## [Required action]
When you copy the data, keep every line exactly as written and skip the pictures.

*** Opening Raw data ***

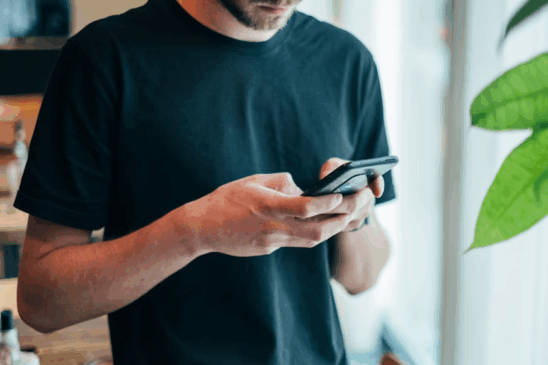Homem usando smartphone para acessar carteira digital e realizar pagamentos com cartão de crédito online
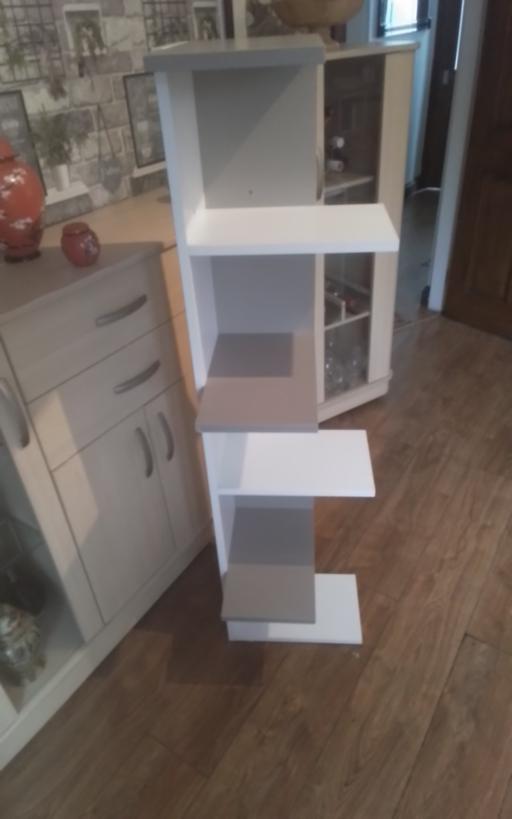 Buy & Sell Swinley Wigan - Photos for STAGGERED SHELVING STAND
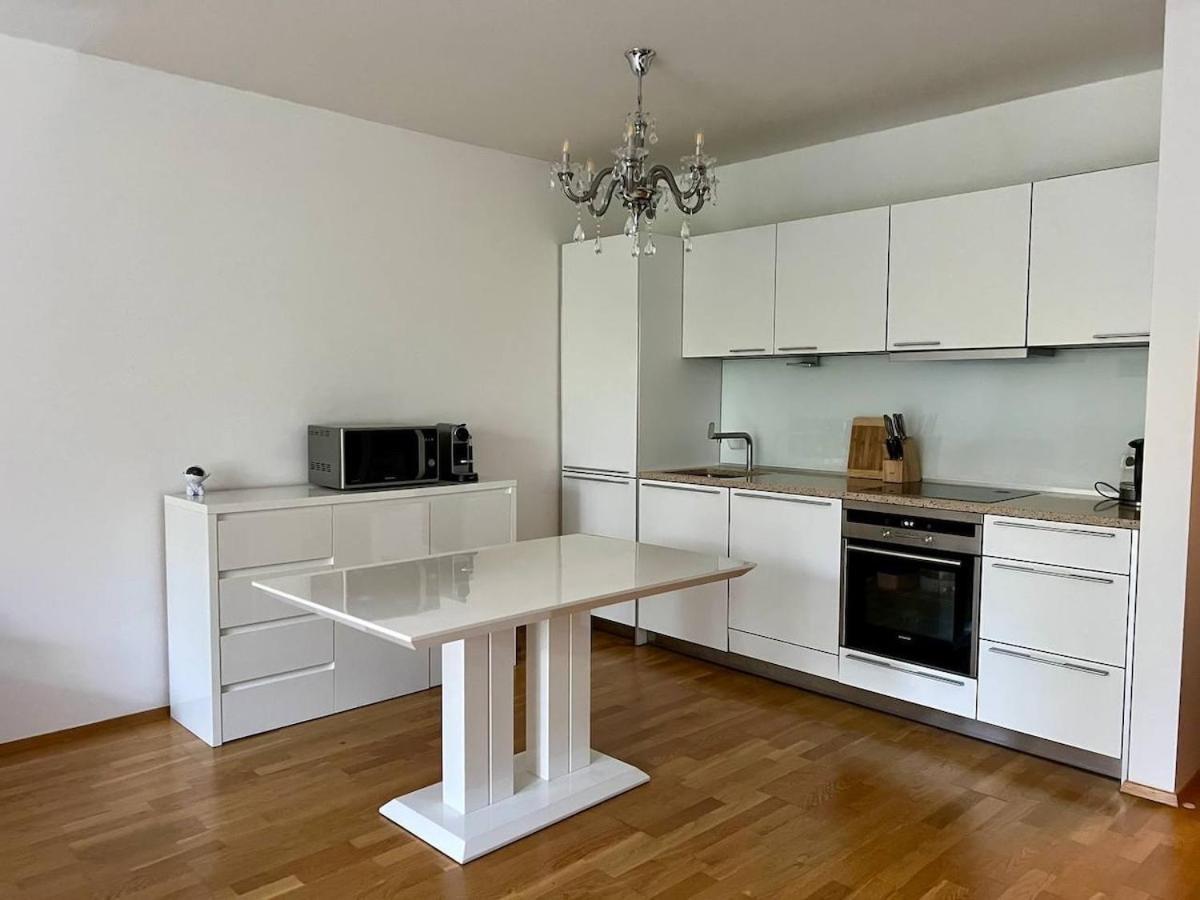 Pronajem Bytu V Luxusnim Rezidencnim Komplexu Apartment Prag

*** Closing Raw data ***

## [Solution]
Homem usando smartphone para acessar carteira digital e realizar pagamentos com cartão de crédito online
 Buy & Sell Swinley Wigan - Photos for STAGGERED SHELVING STAND
 Pronajem Bytu V Luxusnim Rezidencnim Komplexu Apartment Prag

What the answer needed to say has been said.